Hmmm. I'm not even sure where to start. I guess, the greatest thing is that I stood up for myself and said I wanted the blood draw done in my hand/arm because my port area hurts so bad. Done. But, I have to prepare myself for my next chemo because that will need to be done through the port. I have a cream I'll apply to the area 45 minutes prior to the chemo session that I hope will do its intended job and numb the area. Really, I am not afraid of needles - I even have to watch them doing the draw - the port just HURTS.

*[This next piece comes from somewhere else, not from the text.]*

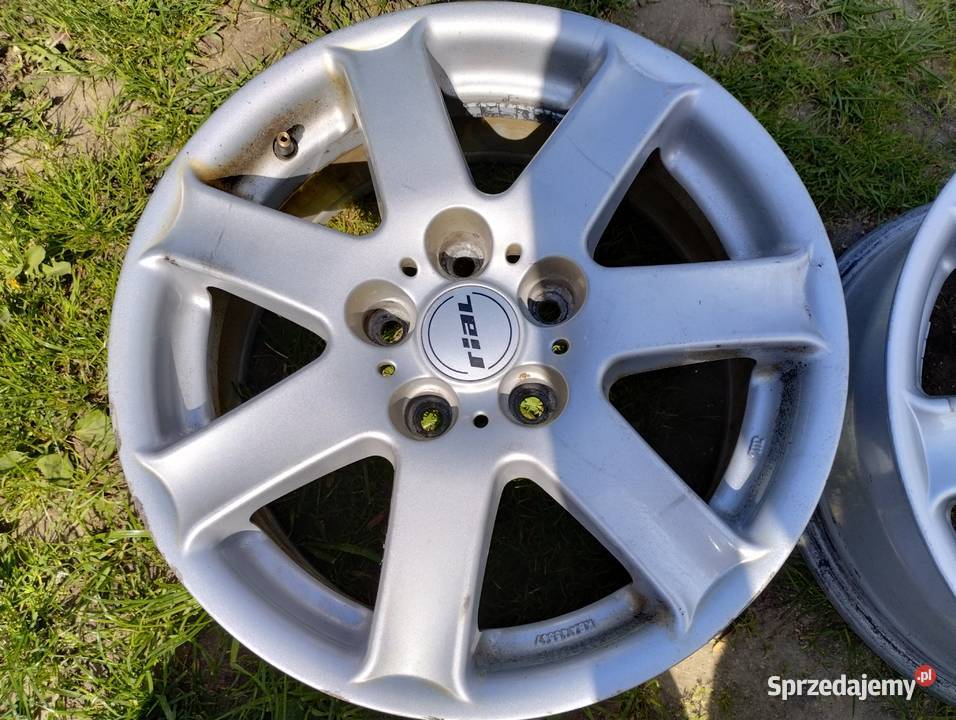 Alufelgi RIAL Germany 5x112 audi seat skoda Zakrzewo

So, a nurse practitioner met with me about 20 minutes later and told me my white blood cell counts are already critically low. Big bummer. Normal range is 3.9-9.0 K/uL and mine was 1.4 K/uL. My neutrophils were also a concern and very low. Normal range is 1.7-8.0 K/uL and mine was 0.5 K/uL. I have a copy of the lab work and other things are low as well, but these two are the ones they were the most concerned about.
White blood cells race to a site of infection and fight it. Neutrophils are a form of white blood cell that eat pathogenic cells. So, my ability to fight of infection is greatly compromised. I immediately wondered if I need to start wearing a mask. The NP read my mind and said I don't need to take that precaution yet. Just avoiding large gatherings and step up my hand washing. I work in public health and during H1N1 talked often about the importance of hand washing; she was preaching to the choir...although she would have cringed had I started to sing!
The next topic in my long list prepared last night for the appointment. Tackling the side effects from the anti-nausea medications. I'll only take Zofran next time and see if that does the trick. Apparently Compazine is well-known for my chief complaints.
Then, my sore throat and heart burn. The NP said I'm already exhibiting signs of esophagitis. I mouth sores and a pretty inflamed throat during my exam. She prescribed "miracle mouthwash" for me. It's a mixture of lidocaine, maalox, and benadryl. I tried it with lunch (the only shots I'll be drinking for now) and it made my lips and throat numb. Very odd feeling. The staff at Maag's, (love you guys) told me to carefully chew my food while taking this because it will affect my gag reflex and I could choke. I joked with them, "great, I have cancer, but I might die because I choked on a piece of steak." Note: another bucket list item is to be a stand-up comedienne. She also said people my age suffer from chemotherapy side effects moreso than a 70 year-old would. Strange. I would think younger people's immune system would conquer better. She actually said the little pediatric kids suffer the worst. So sad. But, the point is, chemo is doing its work and I'm getting sicker. Is it strange that I'm glad? It means the chemotherapy is doing its work. Killing good cells and bad.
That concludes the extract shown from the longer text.